In a moving gesture, American football team New England Patriots held a moment of silence for Ezra Schwartz, an 18-year-old American-Jewish student who was murdered by a Palestinian terrorist on Thursday at the Gush Etzion junction, before they faced off with the Buffalo Bills at Gillette Stadium in Foxborough, Massachusetts.
Schwartz, from Sharon, Massachusetts — who was spending a gap year in Israel and studying at the Ashreinu Yeshiva in Beit Shemesh when he was killed — had been an athlete and avid Patriots fan. This spurred a number of people to appeal to New England Patriots owner Robert Kraft to ask if he could make a gesture in Schwartz’s honor and memory.
Former Member of Knesset (MK) Dov Lipman, a resident of Beit Shemesh and a US immigrant to Israel, was among those who took the initiative to write to Kraft. Conveying his message through American Football in Israel President Steve Leibowitz — whose Jerusalem stadium is funded by Kraft and named after him — Lipman wrote that such a gesture would be meaningful to Schwartz’s memory.
“I was with the boys of the Ashreinu school when they were told that their friend, Ezra, was killed and have been with them daily since. The one theme which comes out over and over again was his passion for the Patriots. One boy actually apologized to “his soul” for telling him to stop screaming with joy as he watched games in his dorm room at 3:00 a.m. Last night at the funeral, Ezra’s body was outside the building during the service so what did they put in the middle to represent Ezra? An Israeli flag and Ezra’s Patriots jersey (#87).”

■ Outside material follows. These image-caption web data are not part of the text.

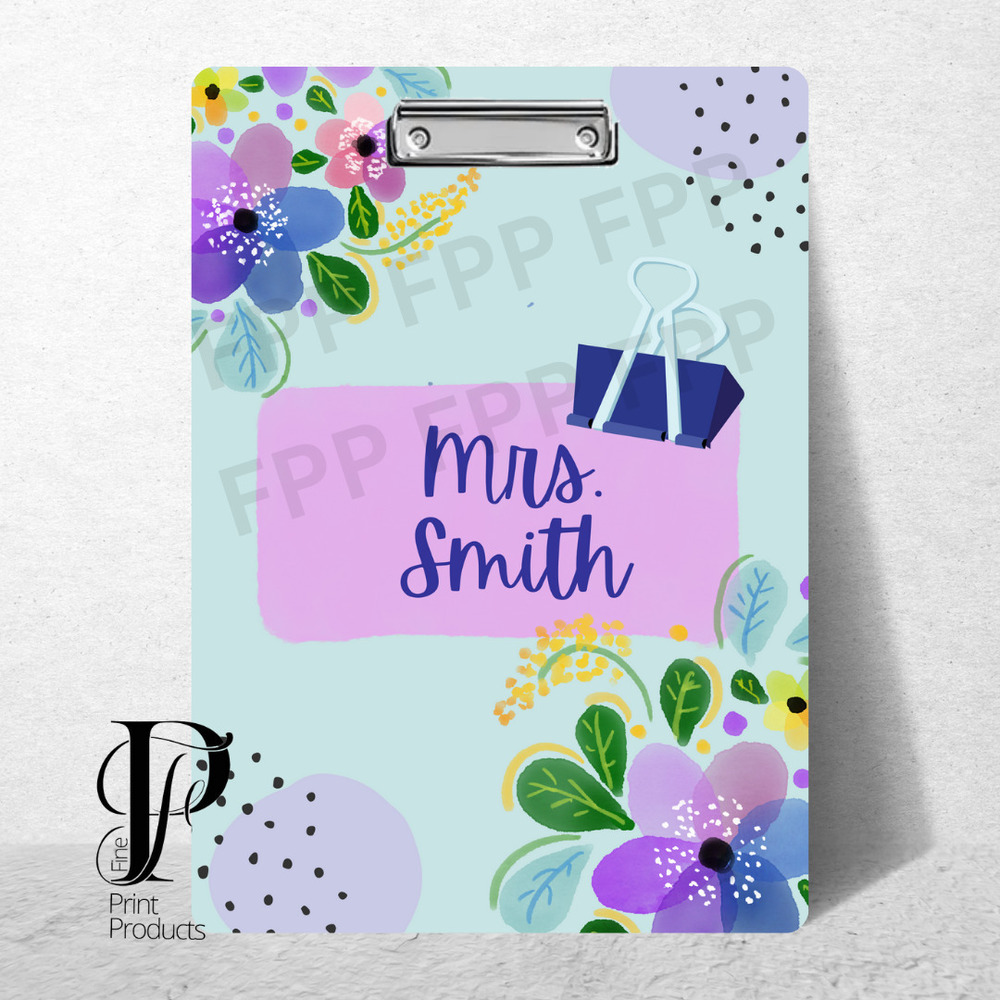 Purple Aqua Floral Clipboard Custom Personalized with your Name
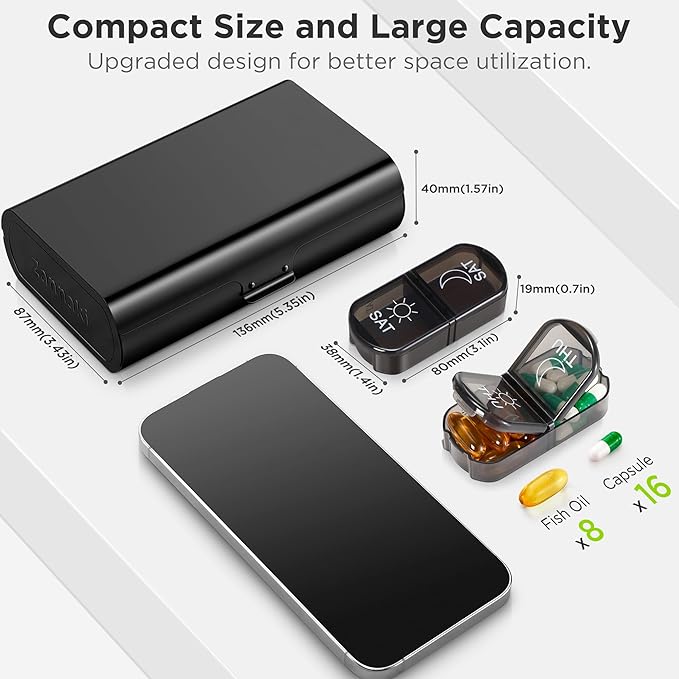 Zannaki Metal XL Weekly Pill Organizer 2 Times a Day, Large Travel Daily Pill Box 7 Day, Portable Week Twice Pill Holder Container, AM PM Pill Case for Medicine Vitamin Medication Supplement, Black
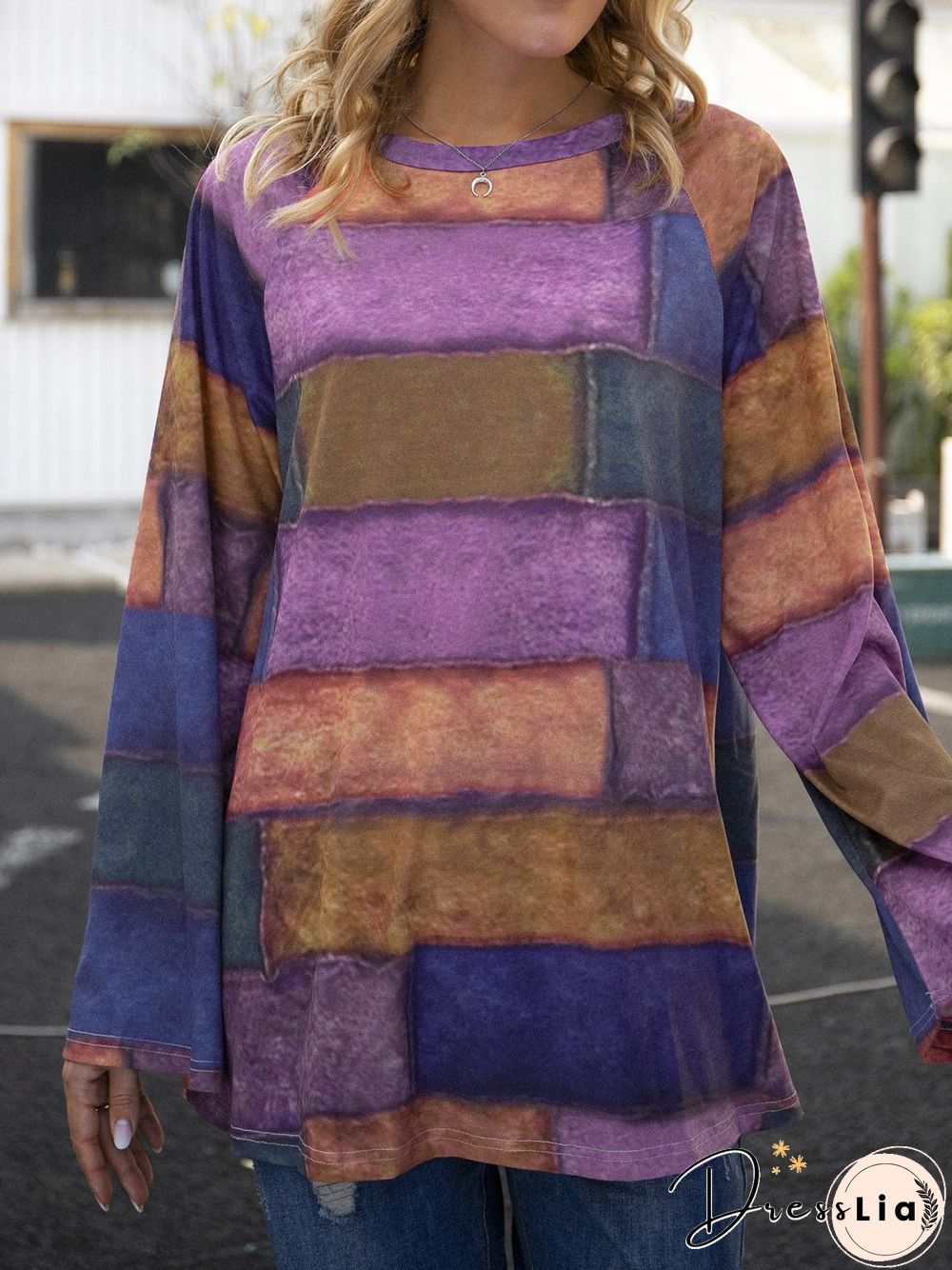 Floral-Print Crew Neck Long Sleeve Casual Tops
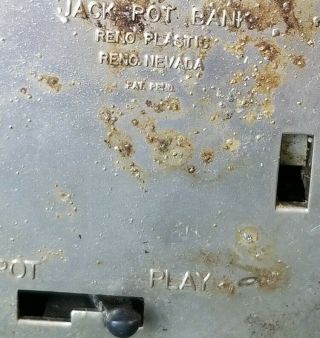 Vintage Cast Iron Bank Slot Machine Jack Pot Las Vegas Nevada 4
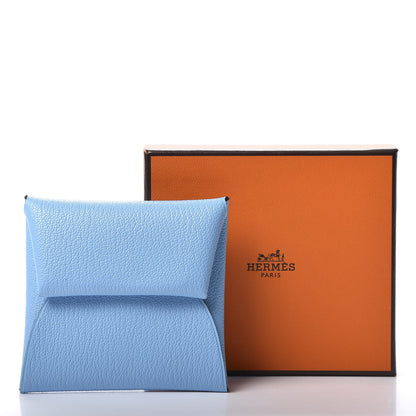 Hermes Chevre Mysore Bastia Verso Coin Purse Celeste Kraft 8 of 8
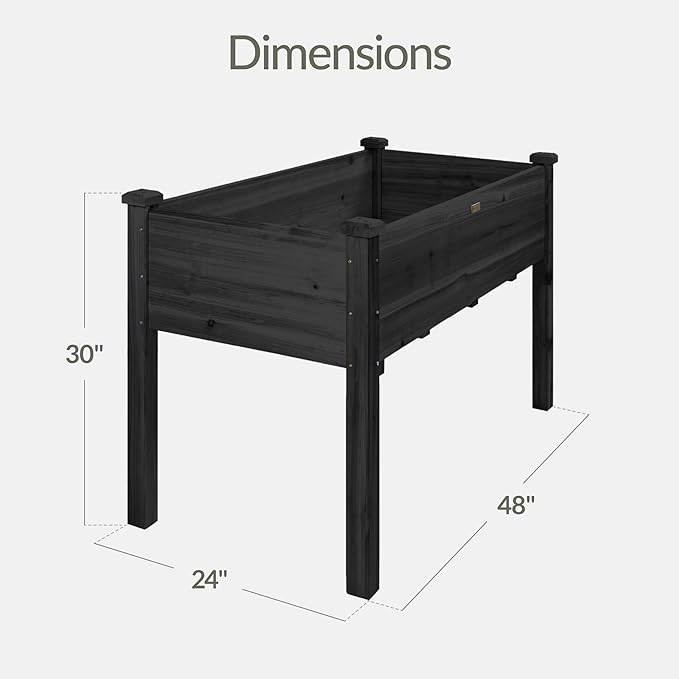 Best Choice Products 48x24x30in Raised Garden Bed, Elevated Wood Planter Box Stand for Backyard, Patio, Balcony w/Bed Liner, 200lb Capacity - Black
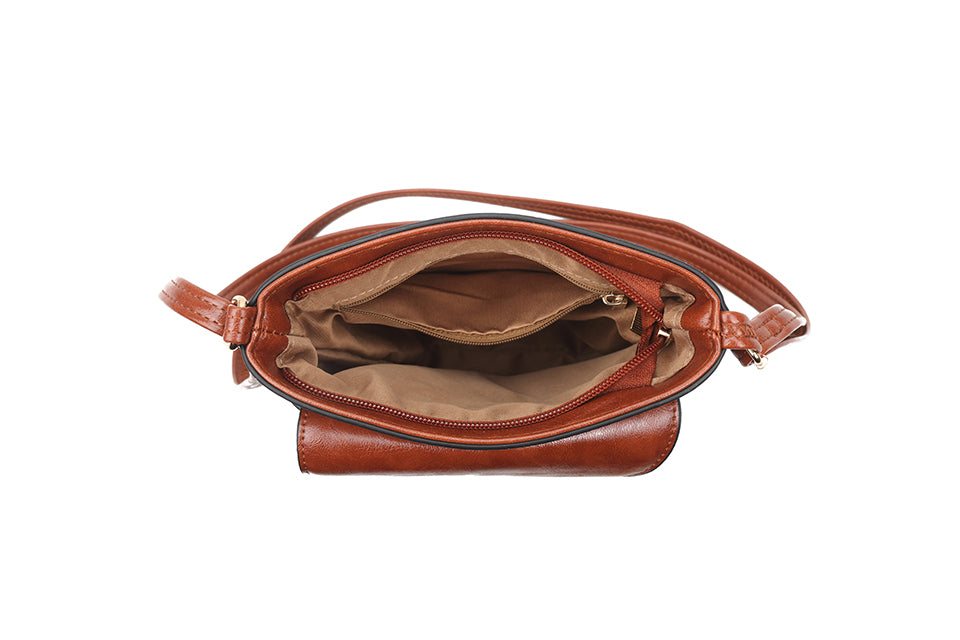 Long & Son Ladies Binocular Cross Body/ Shoulder Bag With Flap Black/Tan Brown Combination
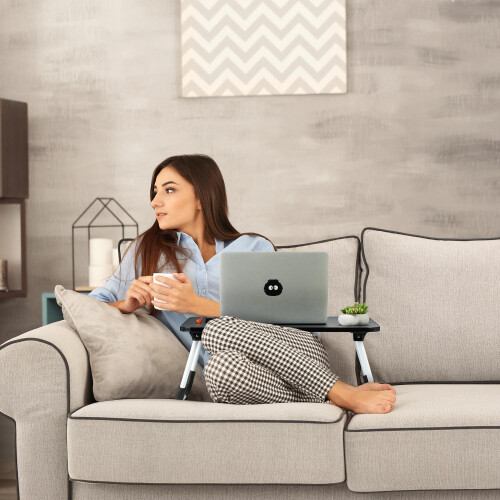 Black Folding Lap Desk - Laptop Bed Tray with Iron Frame 2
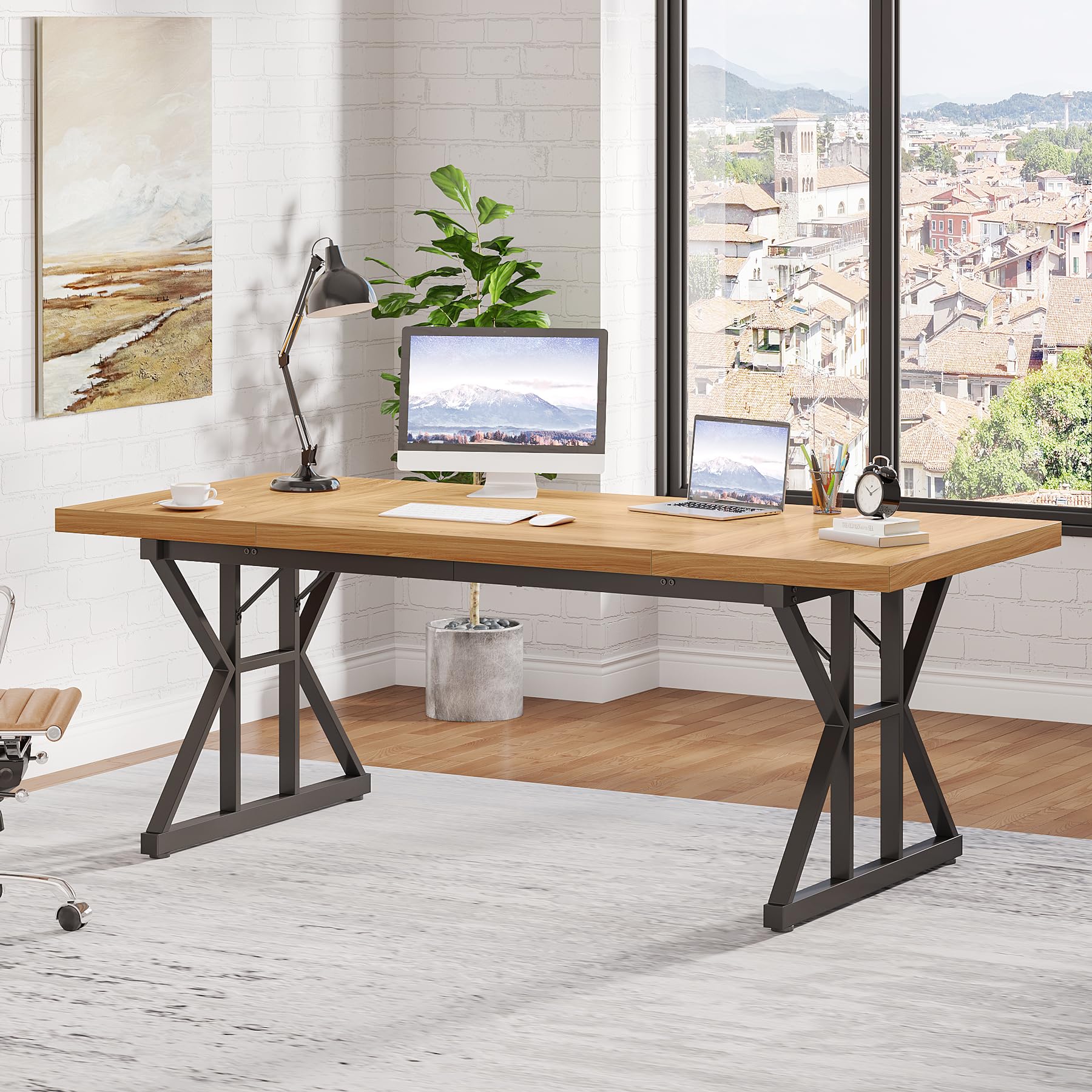 Tribesigns 70.8-Inch Executive Desk, Large Computer Office Desk Workstation, Modern Simple Style Laptop Desk Study Writing Table Business Furniture For Home Office (Light Walnut/Black, 70.8 Inch)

“Many in Israel and around the world have been shocked that almost no media outlets covered the murder of this boy who came to Israel for a year of study and volunteering, and was shot by a Palestinian terrorist while on his way to his volunteer activity.”
“It would mean so much to the people of Israel, to supporters around the world, and to Ezra’s family and friends if the Patriots could do something in his memory — perhaps a moment of silence before tomorrow night’s game, perhaps an EZRA patch on their jerseys for a game — whatever you believe is the right way to honor Ezra and to bring awareness to his story.”
Kraft, a pro-Israel philanthropist and frequent visitor to the Jewish state, immediately embraced the idea, agreeing to hold the minute of silence at the start of Monday’s game to pay tribute to Schwartz, who was buried in Boston on Sunday.
Speaking to The Algemeiner on Monday, mere hours before the moving event took place, Lipman said, “This is such a fitting tribute to Ezra and is so meaningful to his family and friends. Mr. Kraft is a first-class human being who does what is right and just. His support for Israel during these tough times has been unwavering and a pillar of strength for all of us. I am usually a Washington Redskins fan, but tonight — and possibly from now on — we are all Patriots. Let’s go Pats!”
The game, as well as the tribute, was broadcast on ESPN‘s “Monday Night Football.”